The Vertu Ti: a $10,000 Android phone
By Eric Mack
February 14, 2013
Technically, Android is a free and open source mobile operating system, but there's still plenty of opportunities out there to pay gobs of money for an Android phone. The most exorbitant way to show you're both a member of the Android faithful and a big spender is with the new Vertu Ti.
Vertu is perhaps the leading maker of "luxury" smartphones and the Ti is the company's acknowledgement that the global demand for Android phones is impossible to ignore, and perhaps that focusing on Symbian phones – Vertu was once a division of Symbian phone King Nokia – is a strategy for an earlier decade.

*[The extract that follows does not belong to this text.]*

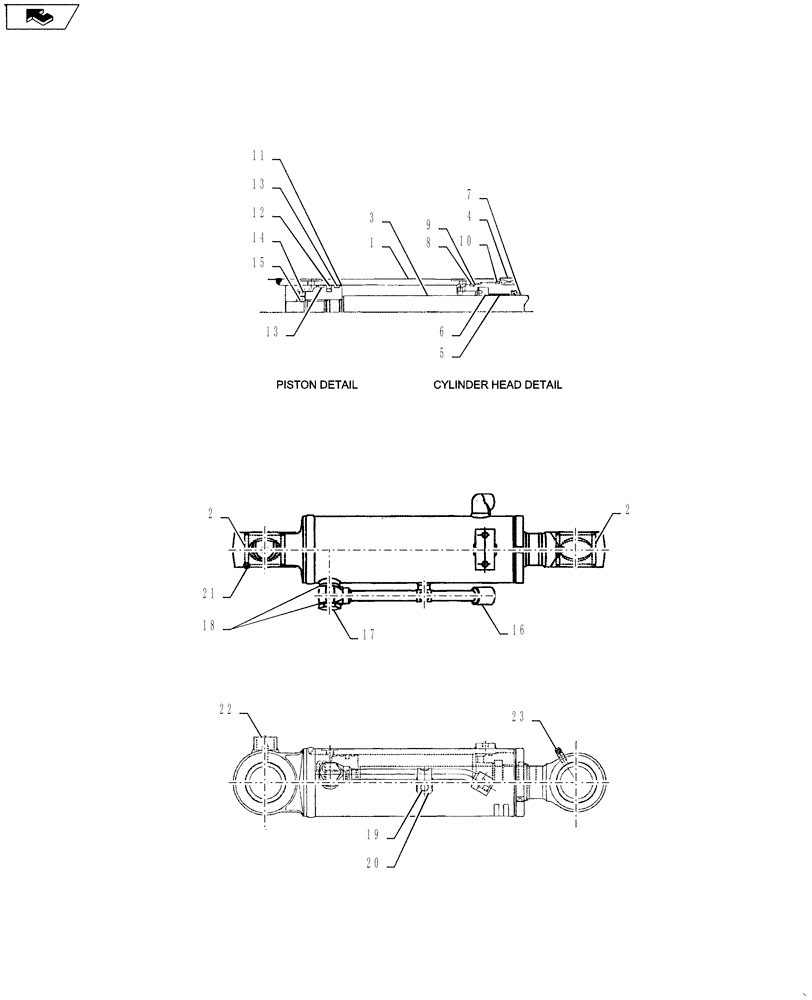 Схема запчастей Case CX55BMSR - (02-024[02]) - CYLINDER INSTALL (DOZER) (35) - HYDRAULIC SYSTEMS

The Ti runs Android 4.0 Ice Cream Sandwich inside a polished titanium case with leather accents and a "virtually scratch proof " sapphire crystal screen, all for just €7,900 or about US$10,500.
Vertu claims the sapphire screen is the largest ever engineered at 3.7 inches, and resists impact four times better than other smartphones. The titanium case is also reputed to be five times stronger than the competition, making it a better candidate for a fill-in hockey puck than the iPhone 5 or Samsung Galaxy S3 (although I still wouldn't try that at home).
The materials that make up the innards aren't quite as impressive. Key specs include a 1.7 GHz processor, 8MP rear camera with auto focus and twin LED flash, a 1.3MP front facing Skype-compliant camera, 64GB internal memory and NFC. That's a decent component lineup, but not too different from what you'd find today in phones that cost one-twentieth the price of one Vertu Ti.
What Vertu does offer that no other competitor can claim, besides the titanium and sapphire crystal, is what amounts to a live personal assistant on-call at the press of just a single button. Vertu's Concierge Services outsource a lot of the functions – such as booking exclusive hotels and dinner reservations – that the rest of us do via apps, to a live person on the ground in the same region of the world.
While Vertu customer service can be outsourced to just about anywhere in the world, the manufacture of the phones still takes place in England, where a single craftsman makes each unit by hand at the company headquarters in Hampshire.
If a $10,000 smartphone doesn't quite sound like your style, don't worry. You can add some bling and upgrade to the "Titanium Red Gold Mixed Metals" variant for a grand total of nearly $20,000. Always good to have options.